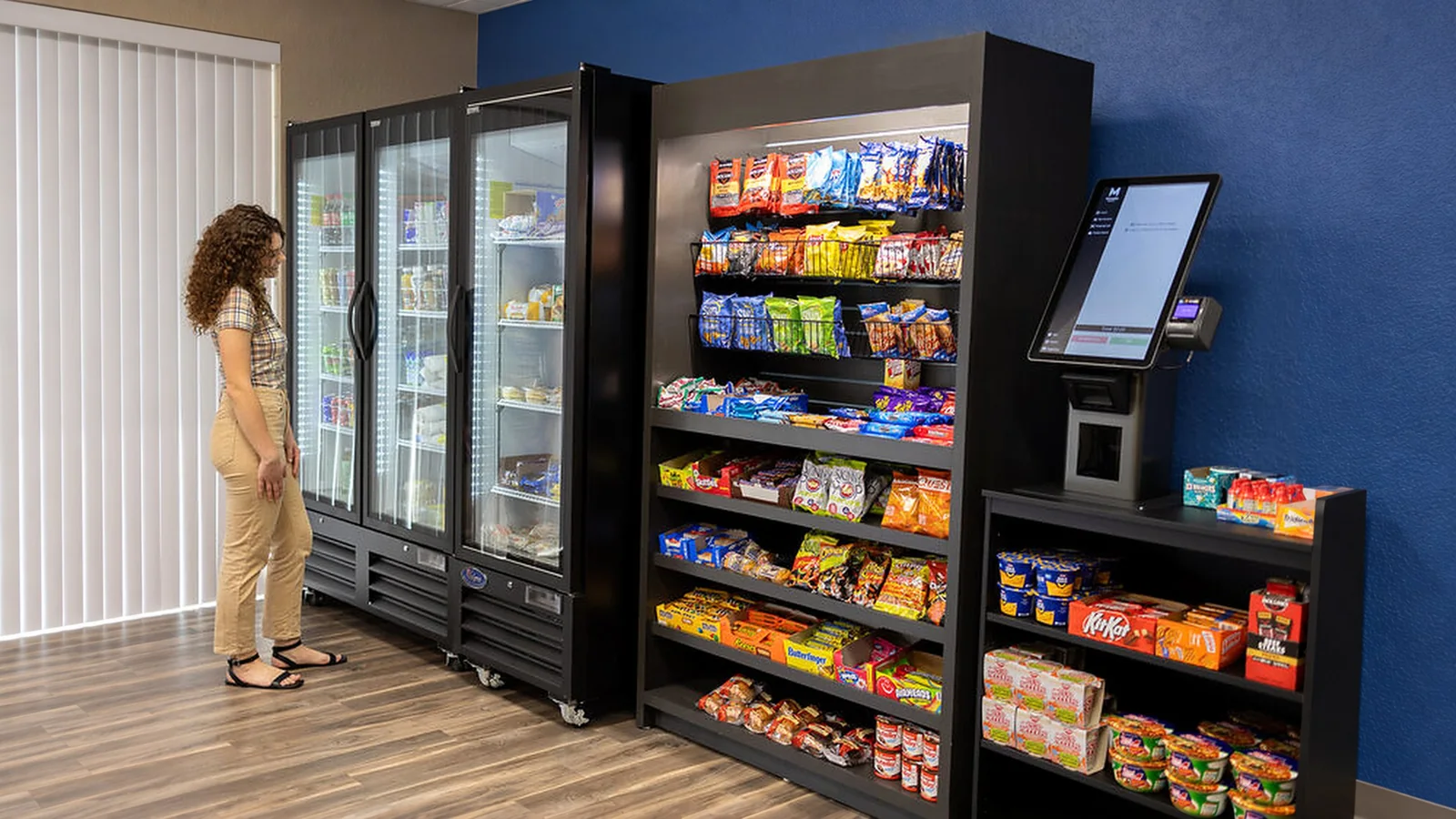 Employee browsing a micro market with a self-checkout kiosk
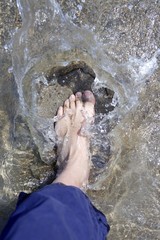 splashing water tourist feet on beach shore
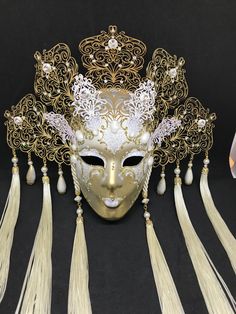 Venetian Mask for decoration - Traditional and original papier-mache Venetian mask, handmade and decorated with metal insert, gold-leaf and glitters, enriched with Swarovski crystals. Dimension::Hight 35cm,width 28cm Decoration only,not wereable All our masks are handmade paper-machè masks made in Venice. Our decorators use techniques typical of the Venetian tradition such as stucco, acrylics, gold and silver-leaf, macramè, passementerie, glitters and crequelè to offer you a wide range of origin Elegant Gold Masquerade Mask As Gift, Gold Eye Mask For Costume Party, Gold Carnival Eye Mask, Gold Mask For Masquerade, Gold Eye Mask For Mardi Gras, Gold Fantasy Style Masquerade Mask, Gold Eye Mask For Carnival, Gold Fantasy Masquerade Mask For Party, Gold Masquerade Mask For Carnival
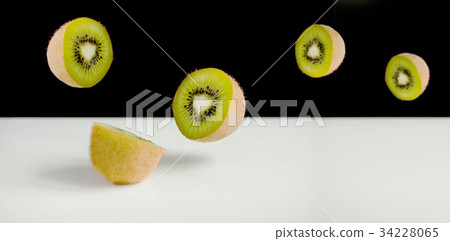 Kiwi Fruit Sliced and Flying Kiwi Fruit Sliced and Flying 34228065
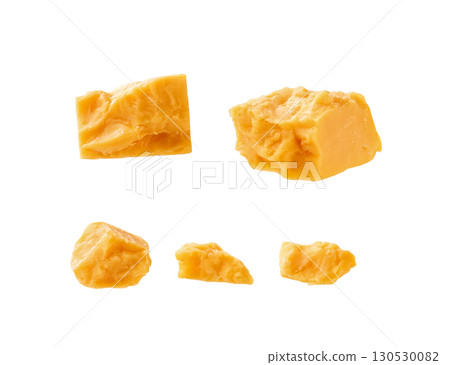 cheddar cheese cubes isolated on a white background. cheddar cheese cubes isolated on a white background. 130530082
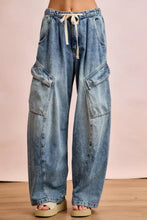 Light-wash denim baggy barrel jeans with cargo pockets and cream-colored drawstring waistband in relaxed wide-leg fit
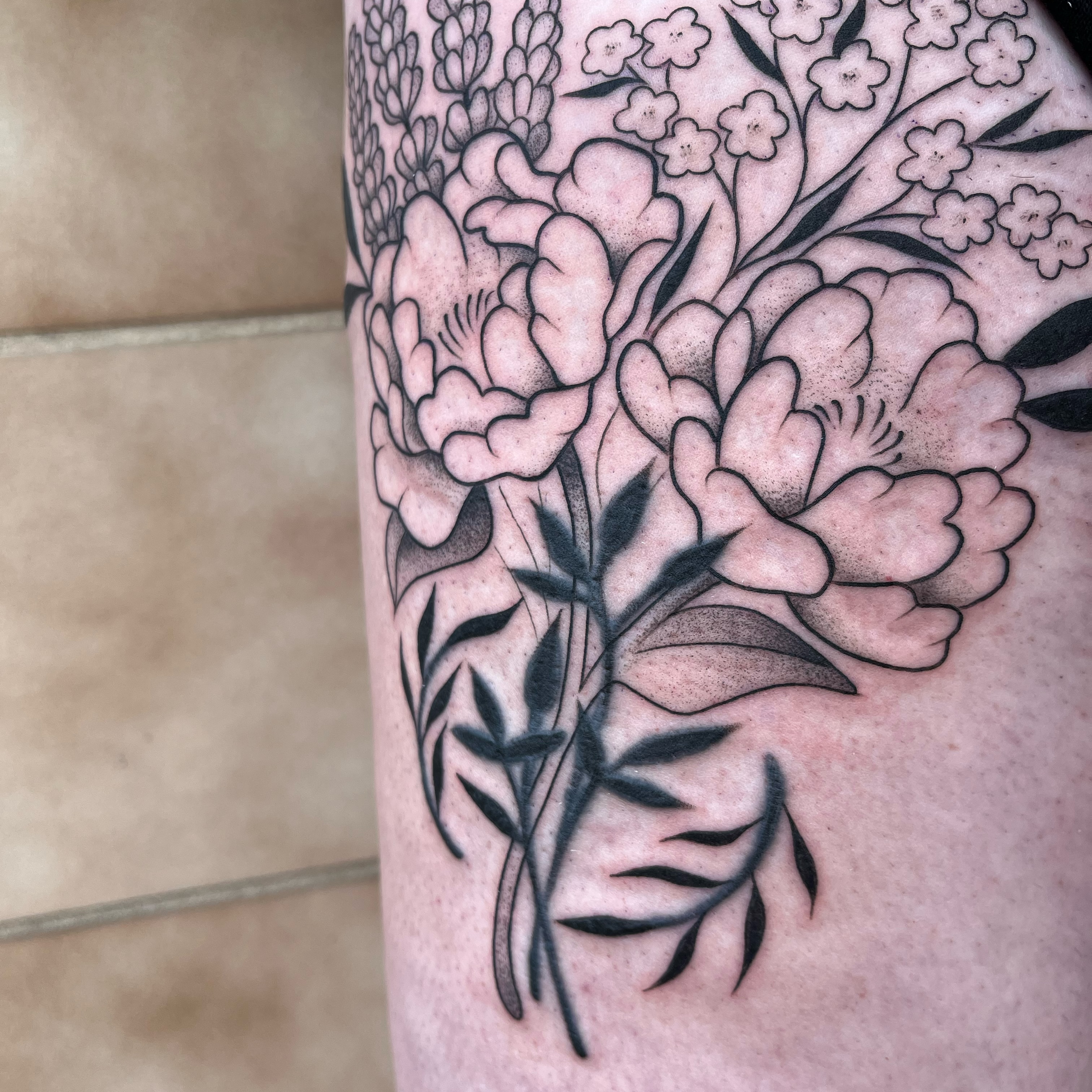 Peony flowers black and grey tattoo on the forearm by Iggy Montgomery (they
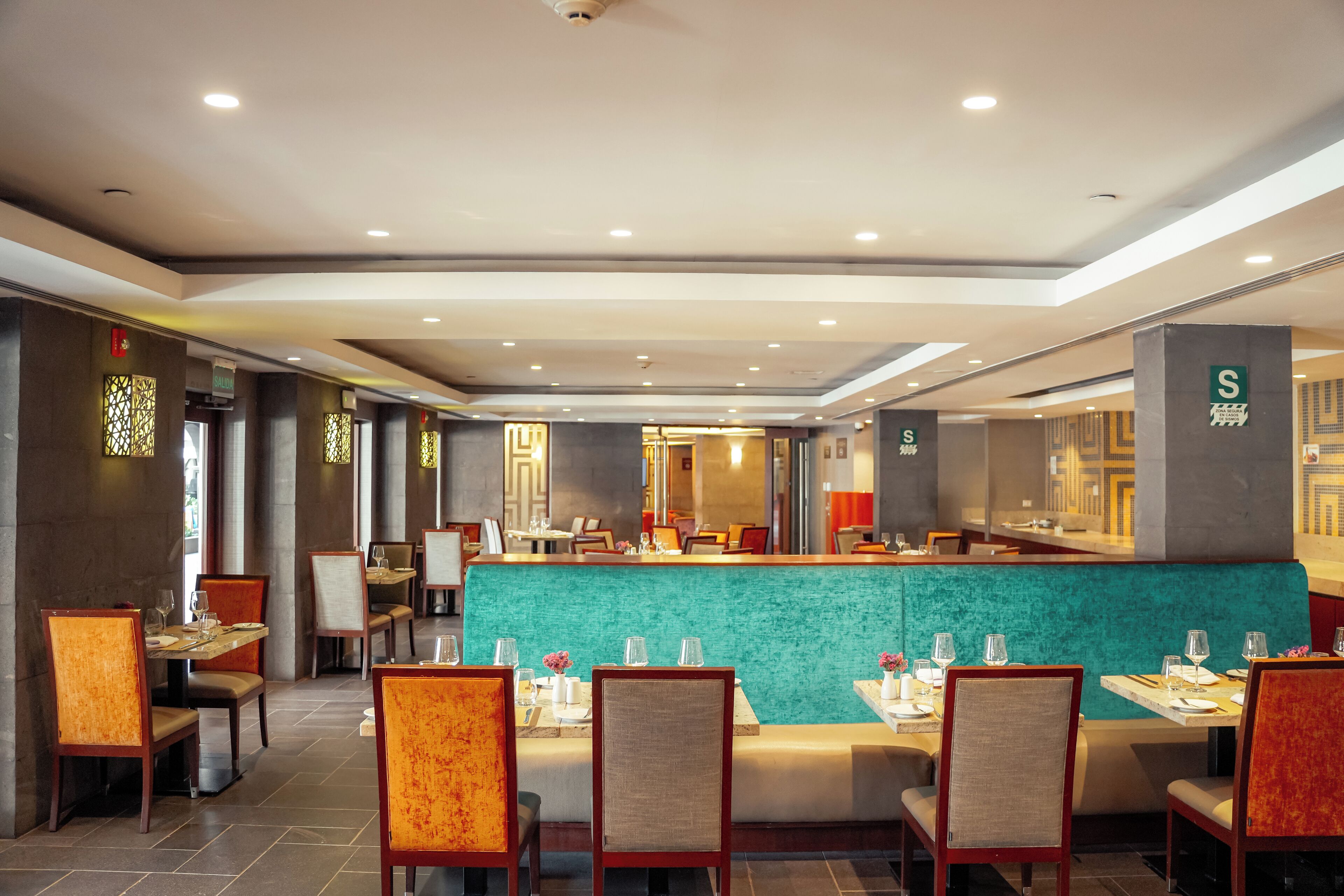 A modern restaurant with a teal-colored counter, wooden chairs, and a clean, well-lit interior.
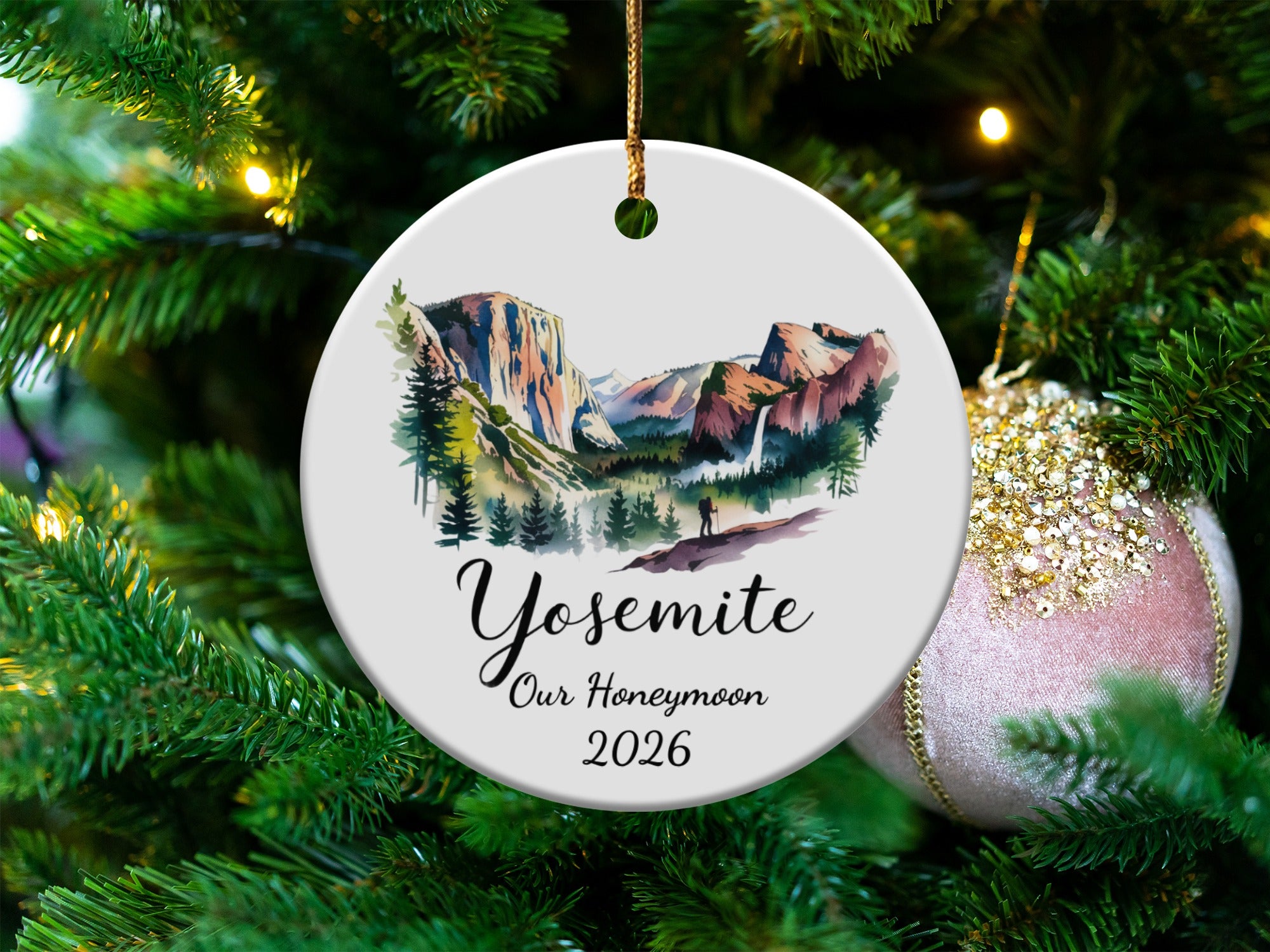 Round ceramic ornament with Yosemite National Park watercolor scene and text.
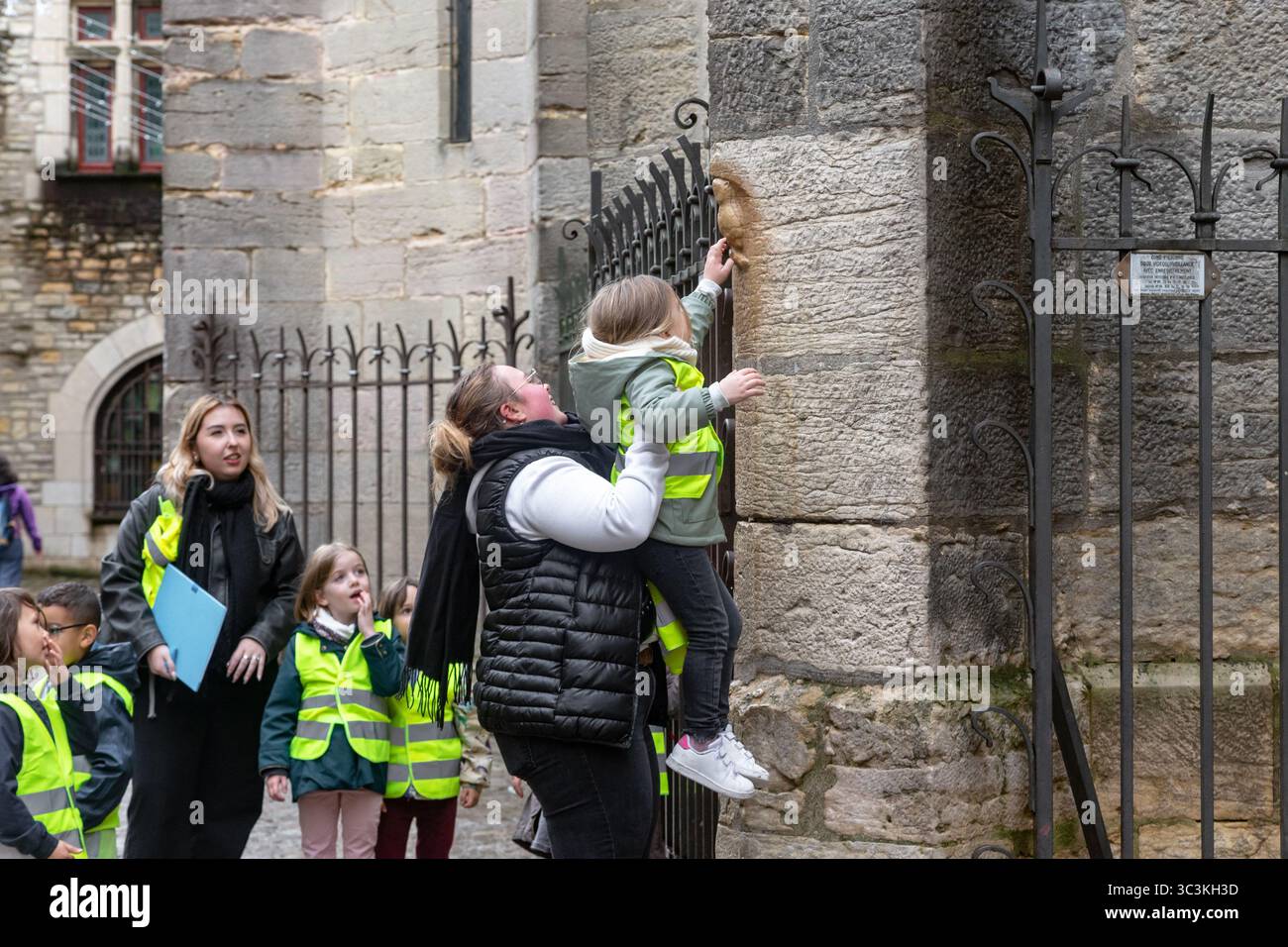 DIGIONE, FRANCIA - 30 OTTOBRE 2023: Bambini e insegnanti non identificati sono impegnati con il tocco tradizionale del simbolo della città - un gufo di pietra su t Foto Stock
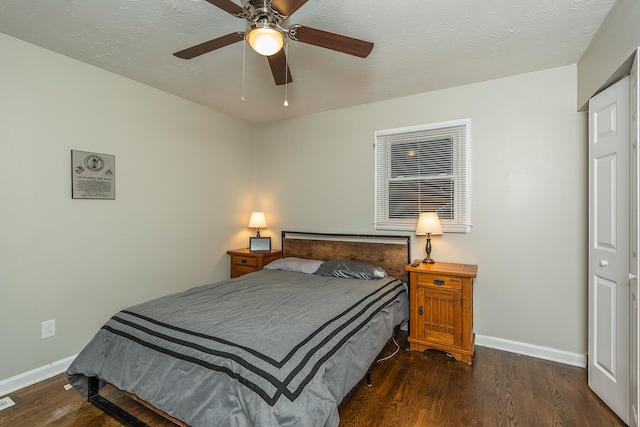 bedroom featuring a closet, dark hardwood / wood-style flooring, a textured ceiling, and ceiling fan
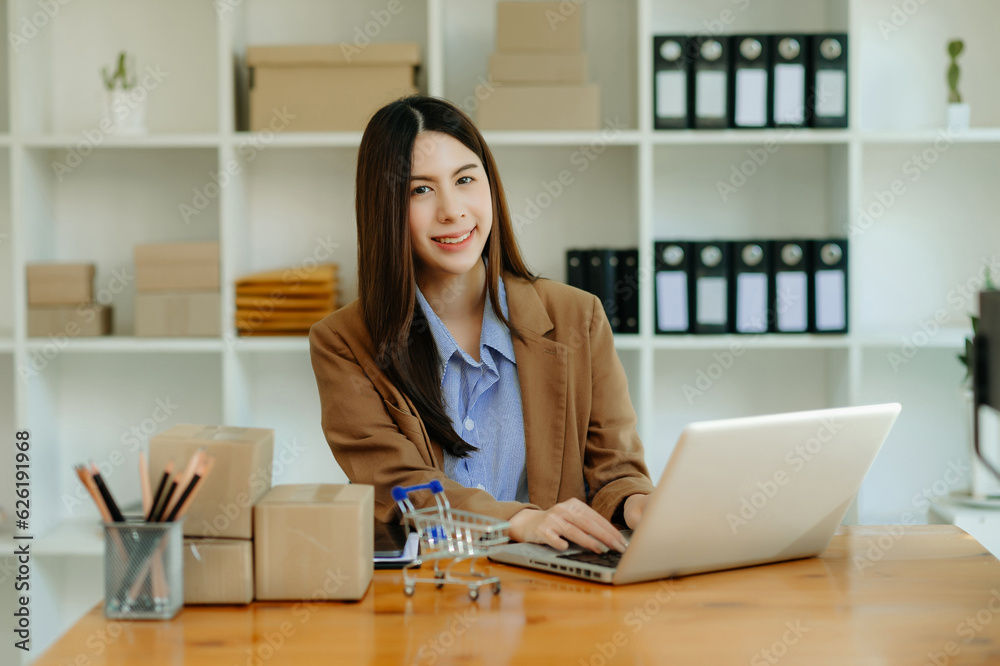 Startup small business SME, Entrepreneur owner woman using smartphone or tablet taking receive and checking online purchase shopping order Startup small business SME, Entrepreneur owner woman using smartphone or tablet taking receive and checking online purchase shopping order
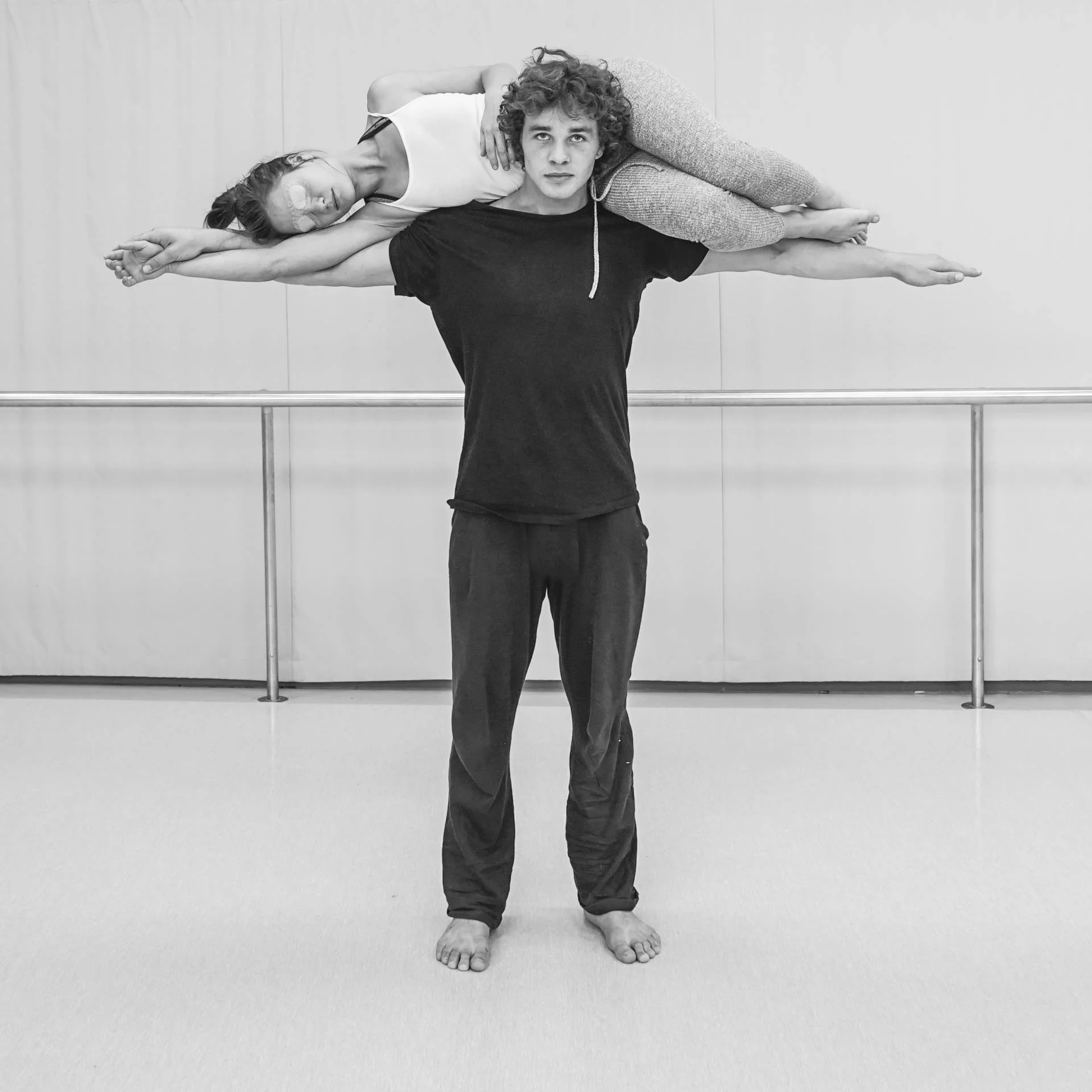 Perth French Theatre performers during a physical rehearsal for Tempête, with one performer carried across another’s shoulders.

- _YOUR GOAL_:
Look back at the data above, then output exactly the lines from the line holding "Peony flowers black" up to and including the line holding "bedroom featuring a". Leave out the pictures.

- _COMPLETED TASK_:
 Peony flowers black and grey tattoo on the forearm by Iggy Montgomery (they
 A modern restaurant with a teal-colored counter, wooden chairs, and a clean, well-lit interior.
 Round ceramic ornament with Yosemite National Park watercolor scene and text.
 DIGIONE, FRANCIA - 30 OTTOBRE 2023: Bambini e insegnanti non identificati sono impegnati con il tocco tradizionale del simbolo della città - un gufo di pietra su t Foto Stock
 bedroom featuring a closet, dark hardwood / wood-style flooring, a textured ceiling, and ceiling fan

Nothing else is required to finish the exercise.